EXERCISE DATA
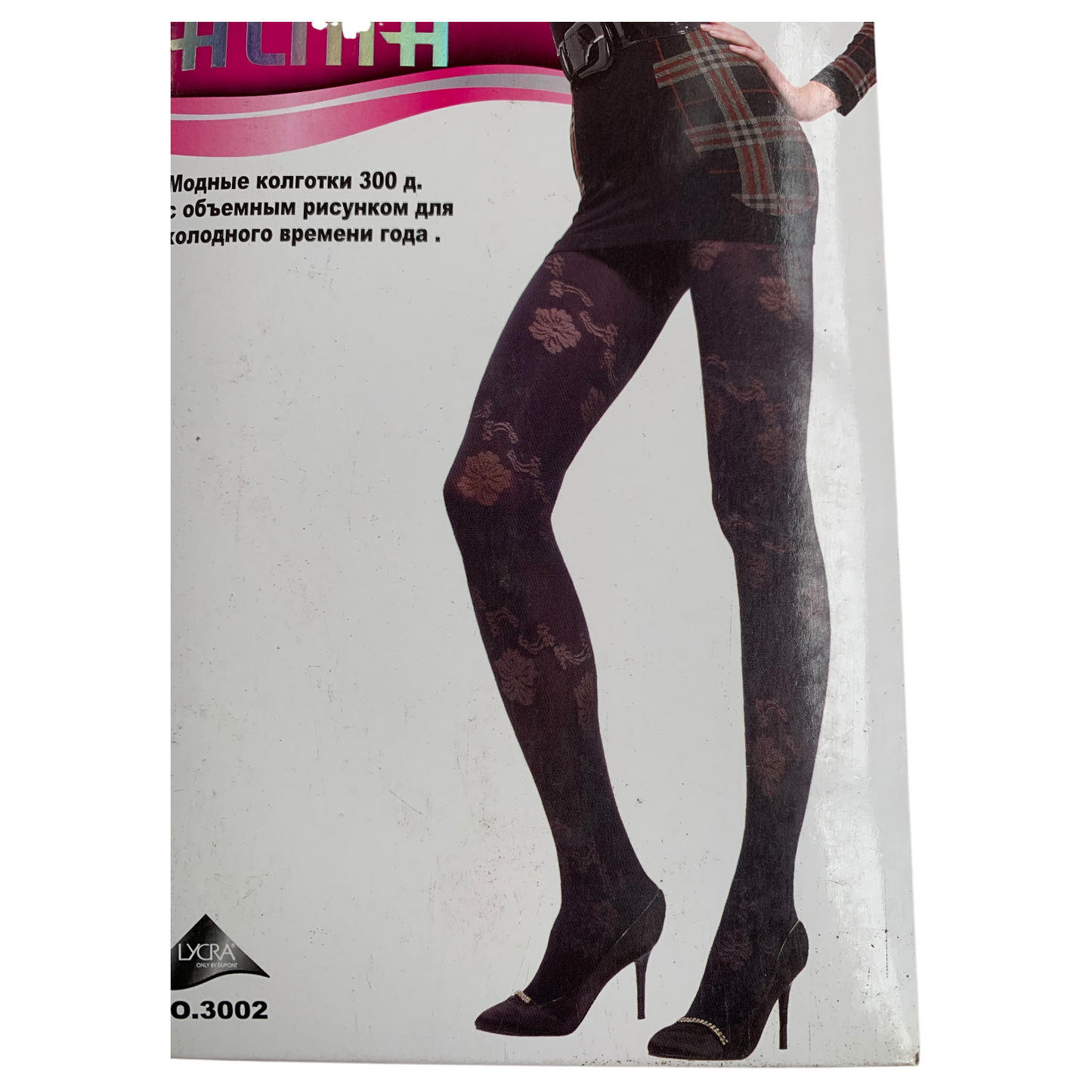 300-D tight with patterns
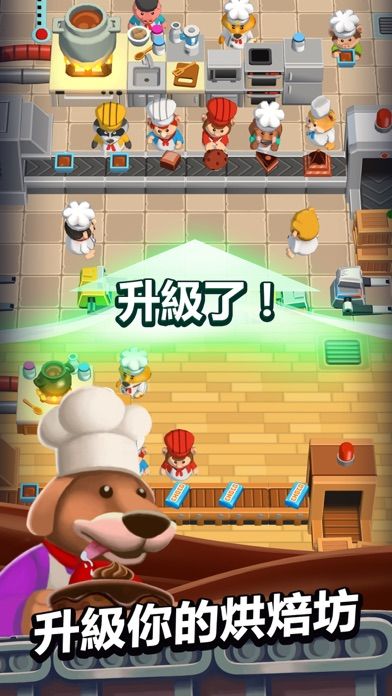 Idle Cooking Tycoon Screenshot (iTunes Store (Taiwan))
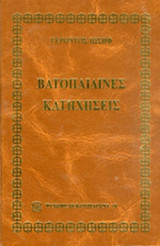 ΒΑΤΟΠΑΙΔΙΝΕΣ ΚΑΤΗΧΗΣΕΙΣ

EXERCISE BRIEF
Transcribe the whole listing above exactly and leave out the pictures.

RESPONSE TO THIS EXERCISE
 300-D tight with patterns
 Idle Cooking Tycoon Screenshot (iTunes Store (Taiwan))
 ΒΑΤΟΠΑΙΔΙΝΕΣ ΚΑΤΗΧΗΣΕΙΣ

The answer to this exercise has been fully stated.